The 2 pass video, is smaller, and I suspect that it might be compressed at 900kbps VBR. But the video is slightly more grainy, and has very visible artifacts around moving objects.
Shouldn't a multi-pass compression look close to or better than single-pass compression (at least I think that the first pass is to analyse the file and determine the best compression for the second pass). Or at what bitrate does one work better than the other.
Thanks.
Manao
24th February 2003, 10:29
What's the difference in size between the 1-pass and the 2-passes results ? What is the length of the movie ? Is it the whole movie which is better in CBR than VBR, or only certain parts ?
If there is a significant difference between the size, then yes, it is normal than the CBR ( which is in fact ABR, average bitrate with XviD ) looks better than 2-passes.
BTW, you should try to use these settings for xvid parameters :
-xvidencopt:bitrate=900:me_quality=6
It will slow down the encoding, but it will increase the quality ( in 1 and 2-passes mode ). With these settings, you increase the calculations XviD make to compute the motion estimation. You could also try : 4mv, but I don't know which xvid's setting this one is ( perhaps chroma motion :confused: )
A last question : How did you make your first pass in 2-passes mode ? I don't see in the man mplayer how it passes informations from the first to the second pass, perhaps the problem is here.
TactX
24th February 2003, 14:21
The first pass is done with a constant quantizer (2) not with CBR, and not ABR. Therefore the first pass AVI is much bigger than the second pass AVI but also looking better.

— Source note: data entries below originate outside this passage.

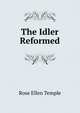 The Idler Reformed, Rose Ellen Temple 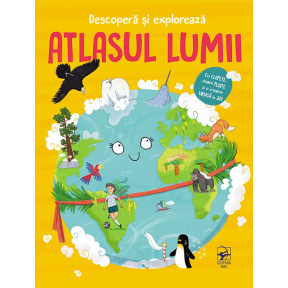 Atlasul lumii. Descoperă și explorează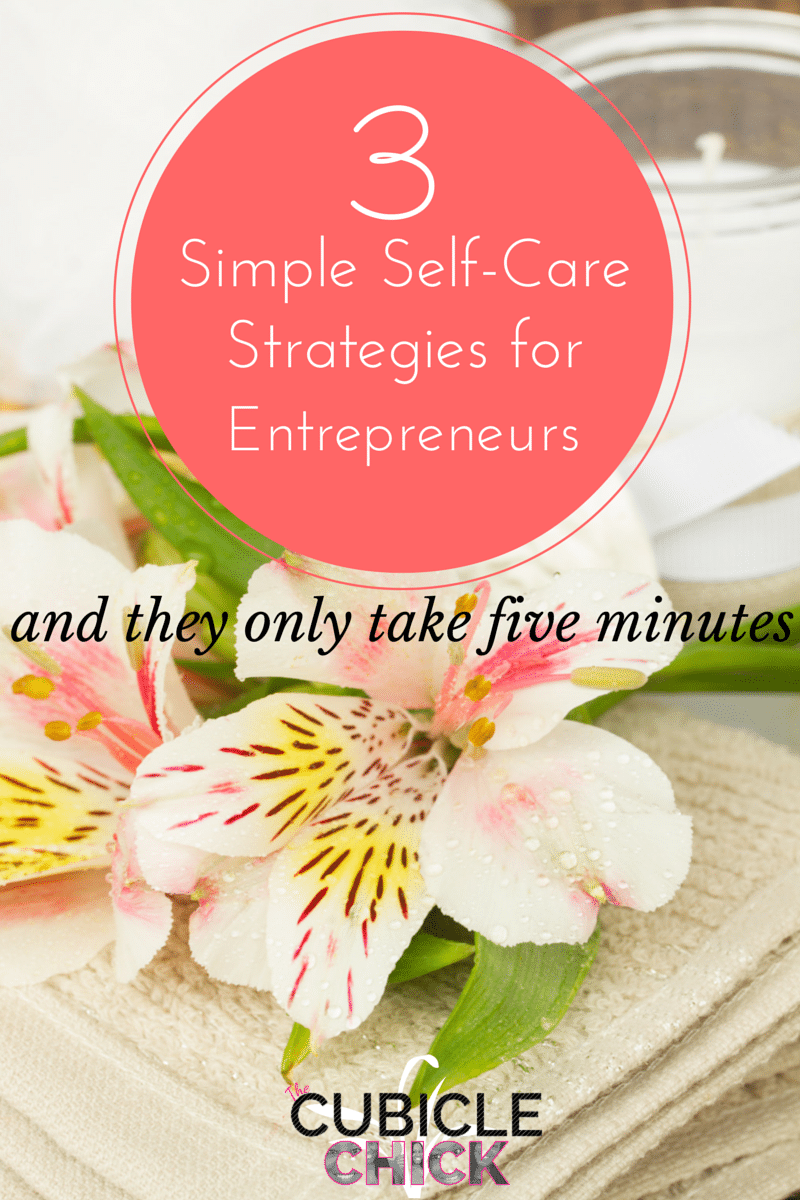 3-simple-self-care-strategies-for-entrepreneurs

The second pass is done using the information from the logfile "divx2pass.log" in your encoding dir to match the desired bitrate (900 kbit/s in your case).
btw, I noticed that you're doing the mp3 encoding in both passes. You only need to do audio in the 2nd pass. Don't waste CPU time :D
foomonger
24th November 2005, 15:59
The only reason to use two-pass is to hit some target size. In these days of DVD burners, network players, and giant hard drives, really, it's just silly.
One-pass all the way baby!
-fm
IgorC
24th November 2005, 17:17
There is quite big difference for quality between 1 and 2 pass. 2 pass recolects information from 1st pass and gives more bitrate for "difficult to compress" frames. There is even small difference between 2 and 3 pass.
foomonger
24th November 2005, 17:41
... and gives more bitrate for "difficult to compress" frames. ...
.. by stealing it from other frames.
Apart from that 20th century practice of squishing movies into a CD (whatever they are), what reason is there to use two-pass encoding? I'm genuinely curious that there might actually be one, by the way, not just being argumentative. The way I see it, one-pass encoding makes no compromises on quality, hitting the desired quality regardless of bitrate, suits me, blank DVD's are cheap as dirt.
My goal is always "as much quality as I can pack into six and a half hours encoding time" because when I get up, I'll want the puter back.
-fm
stephanV
24th November 2005, 18:55
.. by stealing it from other frames.
Apart from that 20th century practice of squishing movies into a CD (whatever they are), what reason is there to use two-pass encoding? I'm genuinely curious that there might actually be one, by the way, not just being argumentative.
Hardware devices have vbv contraints, so you can't use contant q encodes there. A one pass with a target bitrate is never better (and probably always worse) than a two pass.